%%

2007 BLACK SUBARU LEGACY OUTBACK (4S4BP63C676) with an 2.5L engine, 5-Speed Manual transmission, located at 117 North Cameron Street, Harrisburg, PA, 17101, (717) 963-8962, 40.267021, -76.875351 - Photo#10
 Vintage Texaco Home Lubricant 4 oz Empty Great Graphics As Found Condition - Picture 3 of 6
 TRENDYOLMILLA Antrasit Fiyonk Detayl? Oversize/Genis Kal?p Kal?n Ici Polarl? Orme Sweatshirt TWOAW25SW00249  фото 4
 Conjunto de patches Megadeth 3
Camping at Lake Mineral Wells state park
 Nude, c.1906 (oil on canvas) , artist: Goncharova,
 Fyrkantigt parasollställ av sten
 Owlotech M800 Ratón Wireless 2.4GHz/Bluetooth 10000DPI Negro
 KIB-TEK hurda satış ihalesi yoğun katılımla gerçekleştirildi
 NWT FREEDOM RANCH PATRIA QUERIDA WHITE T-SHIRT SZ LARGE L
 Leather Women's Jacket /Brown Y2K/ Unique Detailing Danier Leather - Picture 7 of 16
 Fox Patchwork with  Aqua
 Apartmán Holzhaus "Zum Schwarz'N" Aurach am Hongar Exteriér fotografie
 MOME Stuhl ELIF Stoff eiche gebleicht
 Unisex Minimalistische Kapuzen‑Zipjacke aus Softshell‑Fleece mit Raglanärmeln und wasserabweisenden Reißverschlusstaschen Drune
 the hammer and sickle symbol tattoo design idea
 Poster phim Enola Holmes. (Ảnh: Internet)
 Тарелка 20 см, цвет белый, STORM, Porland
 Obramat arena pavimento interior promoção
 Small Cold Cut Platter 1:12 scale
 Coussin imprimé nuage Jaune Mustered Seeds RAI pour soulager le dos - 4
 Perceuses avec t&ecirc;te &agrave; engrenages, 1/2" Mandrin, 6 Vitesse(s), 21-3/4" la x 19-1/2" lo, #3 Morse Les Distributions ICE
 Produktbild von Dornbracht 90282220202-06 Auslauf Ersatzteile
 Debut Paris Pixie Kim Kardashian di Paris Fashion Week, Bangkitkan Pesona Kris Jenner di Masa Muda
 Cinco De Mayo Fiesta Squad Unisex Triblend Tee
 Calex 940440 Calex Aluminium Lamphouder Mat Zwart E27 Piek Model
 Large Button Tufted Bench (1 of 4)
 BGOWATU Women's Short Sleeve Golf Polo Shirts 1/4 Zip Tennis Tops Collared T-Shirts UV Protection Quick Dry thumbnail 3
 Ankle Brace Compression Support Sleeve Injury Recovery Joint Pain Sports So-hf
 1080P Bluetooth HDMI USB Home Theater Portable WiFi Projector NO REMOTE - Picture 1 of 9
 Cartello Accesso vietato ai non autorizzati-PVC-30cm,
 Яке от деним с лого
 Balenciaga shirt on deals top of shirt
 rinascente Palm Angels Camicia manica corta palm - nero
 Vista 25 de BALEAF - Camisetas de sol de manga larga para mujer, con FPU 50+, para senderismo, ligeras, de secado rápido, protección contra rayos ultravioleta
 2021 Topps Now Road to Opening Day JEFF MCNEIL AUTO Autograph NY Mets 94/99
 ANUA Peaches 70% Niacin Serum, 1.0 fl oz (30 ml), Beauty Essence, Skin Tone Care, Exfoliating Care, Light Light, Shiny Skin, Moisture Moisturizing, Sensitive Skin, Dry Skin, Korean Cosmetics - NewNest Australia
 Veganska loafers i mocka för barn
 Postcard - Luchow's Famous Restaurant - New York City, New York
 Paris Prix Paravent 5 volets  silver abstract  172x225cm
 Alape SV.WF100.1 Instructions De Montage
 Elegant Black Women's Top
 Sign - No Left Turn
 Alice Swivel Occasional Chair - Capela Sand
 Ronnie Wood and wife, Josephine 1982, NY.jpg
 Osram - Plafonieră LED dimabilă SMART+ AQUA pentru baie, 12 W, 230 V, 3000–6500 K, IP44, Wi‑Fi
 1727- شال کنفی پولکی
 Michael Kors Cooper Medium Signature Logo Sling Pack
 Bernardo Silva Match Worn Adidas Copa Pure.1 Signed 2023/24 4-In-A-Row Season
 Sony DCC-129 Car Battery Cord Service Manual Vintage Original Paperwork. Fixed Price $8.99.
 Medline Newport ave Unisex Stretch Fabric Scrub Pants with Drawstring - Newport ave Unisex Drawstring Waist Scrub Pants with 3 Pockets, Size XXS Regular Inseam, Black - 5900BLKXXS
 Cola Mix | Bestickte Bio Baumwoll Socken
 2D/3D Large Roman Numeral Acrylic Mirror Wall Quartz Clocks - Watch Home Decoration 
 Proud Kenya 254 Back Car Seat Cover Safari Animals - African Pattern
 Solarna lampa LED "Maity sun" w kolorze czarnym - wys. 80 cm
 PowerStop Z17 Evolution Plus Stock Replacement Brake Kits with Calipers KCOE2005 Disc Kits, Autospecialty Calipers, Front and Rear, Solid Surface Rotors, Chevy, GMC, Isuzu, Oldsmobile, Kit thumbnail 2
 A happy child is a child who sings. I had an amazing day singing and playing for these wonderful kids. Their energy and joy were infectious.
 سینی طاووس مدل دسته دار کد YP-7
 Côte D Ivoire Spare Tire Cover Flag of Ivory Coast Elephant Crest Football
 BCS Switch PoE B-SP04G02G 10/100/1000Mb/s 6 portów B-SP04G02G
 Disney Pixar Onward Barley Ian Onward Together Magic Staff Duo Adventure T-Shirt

%%

=== TASK DETAILS ===
Repeat the data exactly, with every line included.

=== TASK OUTPUT ===
2007 BLACK SUBARU LEGACY OUTBACK (4S4BP63C676) with an 2.5L engine, 5-Speed Manual transmission, located at 117 North Cameron Street, Harrisburg, PA, 17101, (717) 963-8962, 40.267021, -76.875351 - Photo#10
 Vintage Texaco Home Lubricant 4 oz Empty Great Graphics As Found Condition - Picture 3 of 6
 TRENDYOLMILLA Antrasit Fiyonk Detayl? Oversize/Genis Kal?p Kal?n Ici Polarl? Orme Sweatshirt TWOAW25SW00249  фото 4
 Conjunto de patches Megadeth 3
Camping at Lake Mineral Wells state park
 Nude, c.1906 (oil on canvas) , artist: Goncharova,
 Fyrkantigt parasollställ av sten
 Owlotech M800 Ratón Wireless 2.4GHz/Bluetooth 10000DPI Negro
 KIB-TEK hurda satış ihalesi yoğun katılımla gerçekleştirildi
 NWT FREEDOM RANCH PATRIA QUERIDA WHITE T-SHIRT SZ LARGE L
 Leather Women's Jacket /Brown Y2K/ Unique Detailing Danier Leather - Picture 7 of 16
 Fox Patchwork with  Aqua
 Apartmán Holzhaus "Zum Schwarz'N" Aurach am Hongar Exteriér fotografie
 MOME Stuhl ELIF Stoff eiche gebleicht
 Unisex Minimalistische Kapuzen‑Zipjacke aus Softshell‑Fleece mit Raglanärmeln und wasserabweisenden Reißverschlusstaschen Drune
 the hammer and sickle symbol tattoo design idea
 Poster phim Enola Holmes. (Ảnh: Internet)
 Тарелка 20 см, цвет белый, STORM, Porland
 Obramat arena pavimento interior promoção
 Small Cold Cut Platter 1:12 scale
 Coussin imprimé nuage Jaune Mustered Seeds RAI pour soulager le dos - 4
 Perceuses avec t&ecirc;te &agrave; engrenages, 1/2" Mandrin, 6 Vitesse(s), 21-3/4" la x 19-1/2" lo, #3 Morse Les Distributions ICE
 Produktbild von Dornbracht 90282220202-06 Auslauf Ersatzteile
 Debut Paris Pixie Kim Kardashian di Paris Fashion Week, Bangkitkan Pesona Kris Jenner di Masa Muda
 Cinco De Mayo Fiesta Squad Unisex Triblend Tee
 Calex 940440 Calex Aluminium Lamphouder Mat Zwart E27 Piek Model
 Large Button Tufted Bench (1 of 4)
 BGOWATU Women's Short Sleeve Golf Polo Shirts 1/4 Zip Tennis Tops Collared T-Shirts UV Protection Quick Dry thumbnail 3
 Ankle Brace Compression Support Sleeve Injury Recovery Joint Pain Sports So-hf
 1080P Bluetooth HDMI USB Home Theater Portable WiFi Projector NO REMOTE - Picture 1 of 9
 Cartello Accesso vietato ai non autorizzati-PVC-30cm,
 Яке от деним с лого
 Balenciaga shirt on deals top of shirt
 rinascente Palm Angels Camicia manica corta palm - nero
 Vista 25 de BALEAF - Camisetas de sol de manga larga para mujer, con FPU 50+, para senderismo, ligeras, de secado rápido, protección contra rayos ultravioleta
 2021 Topps Now Road to Opening Day JEFF MCNEIL AUTO Autograph NY Mets 94/99
 ANUA Peaches 70% Niacin Serum, 1.0 fl oz (30 ml), Beauty Essence, Skin Tone Care, Exfoliating Care, Light Light, Shiny Skin, Moisture Moisturizing, Sensitive Skin, Dry Skin, Korean Cosmetics - NewNest Australia
 Veganska loafers i mocka för barn
 Postcard - Luchow's Famous Restaurant - New York City, New York
 Paris Prix Paravent 5 volets  silver abstract  172x225cm
 Alape SV.WF100.1 Instructions De Montage
 Elegant Black Women's Top
 Sign - No Left Turn
 Alice Swivel Occasional Chair - Capela Sand
 Ronnie Wood and wife, Josephine 1982, NY.jpg
 Osram - Plafonieră LED dimabilă SMART+ AQUA pentru baie, 12 W, 230 V, 3000–6500 K, IP44, Wi‑Fi
 1727- شال کنفی پولکی
 Michael Kors Cooper Medium Signature Logo Sling Pack
 Bernardo Silva Match Worn Adidas Copa Pure.1 Signed 2023/24 4-In-A-Row Season
 Sony DCC-129 Car Battery Cord Service Manual Vintage Original Paperwork. Fixed Price $8.99.
 Medline Newport ave Unisex Stretch Fabric Scrub Pants with Drawstring - Newport ave Unisex Drawstring Waist Scrub Pants with 3 Pockets, Size XXS Regular Inseam, Black - 5900BLKXXS
 Cola Mix | Bestickte Bio Baumwoll Socken
 2D/3D Large Roman Numeral Acrylic Mirror Wall Quartz Clocks - Watch Home Decoration 
 Proud Kenya 254 Back Car Seat Cover Safari Animals - African Pattern
 Solarna lampa LED "Maity sun" w kolorze czarnym - wys. 80 cm
 PowerStop Z17 Evolution Plus Stock Replacement Brake Kits with Calipers KCOE2005 Disc Kits, Autospecialty Calipers, Front and Rear, Solid Surface Rotors, Chevy, GMC, Isuzu, Oldsmobile, Kit thumbnail 2
 A happy child is a child who sings. I had an amazing day singing and playing for these wonderful kids. Their energy and joy were infectious.
 سینی طاووس مدل دسته دار کد YP-7
 Côte D Ivoire Spare Tire Cover Flag of Ivory Coast Elephant Crest Football
 BCS Switch PoE B-SP04G02G 10/100/1000Mb/s 6 portów B-SP04G02G
 Disney Pixar Onward Barley Ian Onward Together Magic Staff Duo Adventure T-Shirt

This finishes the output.